* Exercise description:
Starting at the line with "Ford Ecosport 2018", return every line through the final one of the data, word for word. Pictures stay out.

(Extracted data entries)
"""
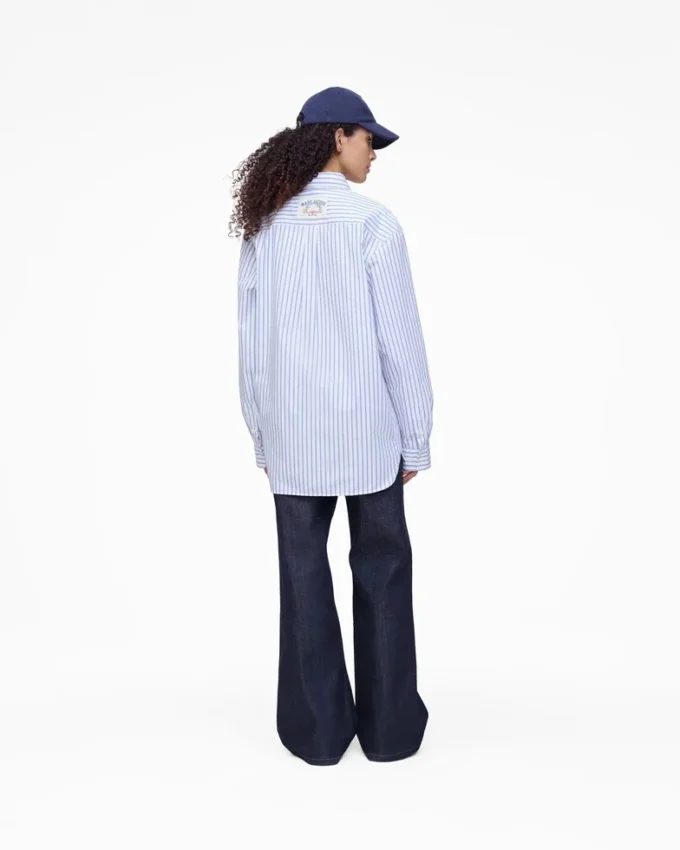 A.P.C. X Marc Jacobs randig skjorta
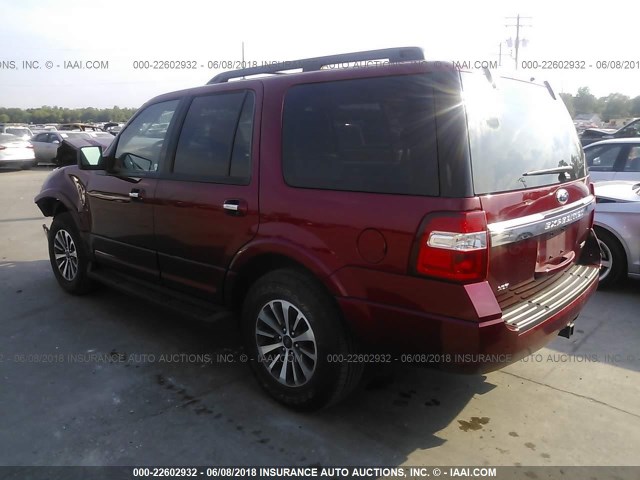 1FMJU1HT0FEF50206 - 2015 FORD EXPEDITION XLT/KING RANCH RED photo 3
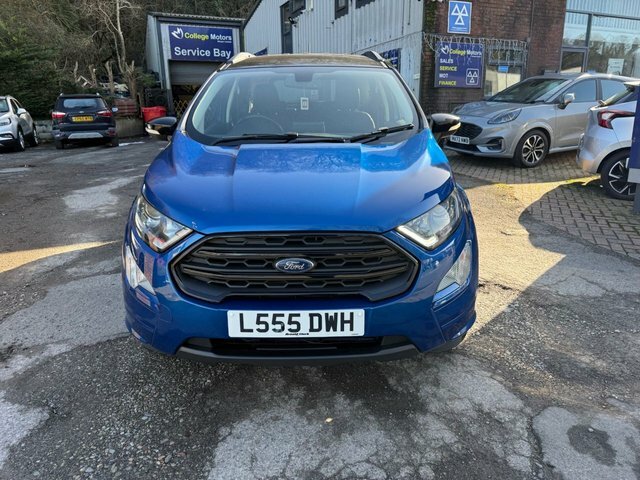 Ford Ecosport 2018 18 1.0T Ecoboost St-line Suv Manua L555DWH Blue #3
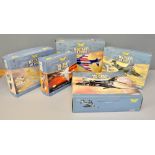 Corgi Aviation Archive Military Air Power 9 assorted boxed sets including The Hawker and a Boeing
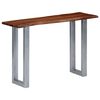 vidaXL Tavolo Consolle 115x35x76 cm Legno Massello e Ferro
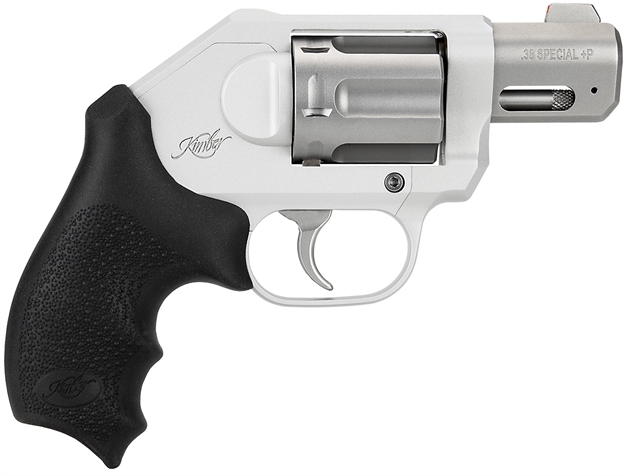 Picture of  Kimber Mfg, Inc 3400034Ca K6xs *Ca Compliant Compact 38 Special +P 6 Shot 2" Glass Bead Stainless Steel Barrel, Silver Kimpro II Aluminum Frame, Hogue Black Rubber Kimber Grip, Concealed Hammer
"""
* Solution to the problem:
 Ford Ecosport 2018 18 1.0T Ecoboost St-line Suv Manua L555DWH Blue #3
 Corgi Aviation Archive Military Air Power 9 assorted boxed sets including The Hawker and a Boeing
 vidaXL Tavolo Consolle 115x35x76 cm Legno Massello e Ferro
 Picture of  Kimber Mfg, Inc 3400034Ca K6xs *Ca Compliant Compact 38 Special +P 6 Shot 2" Glass Bead Stainless Steel Barrel, Silver Kimpro II Aluminum Frame, Hogue Black Rubber Kimber Grip, Concealed Hammer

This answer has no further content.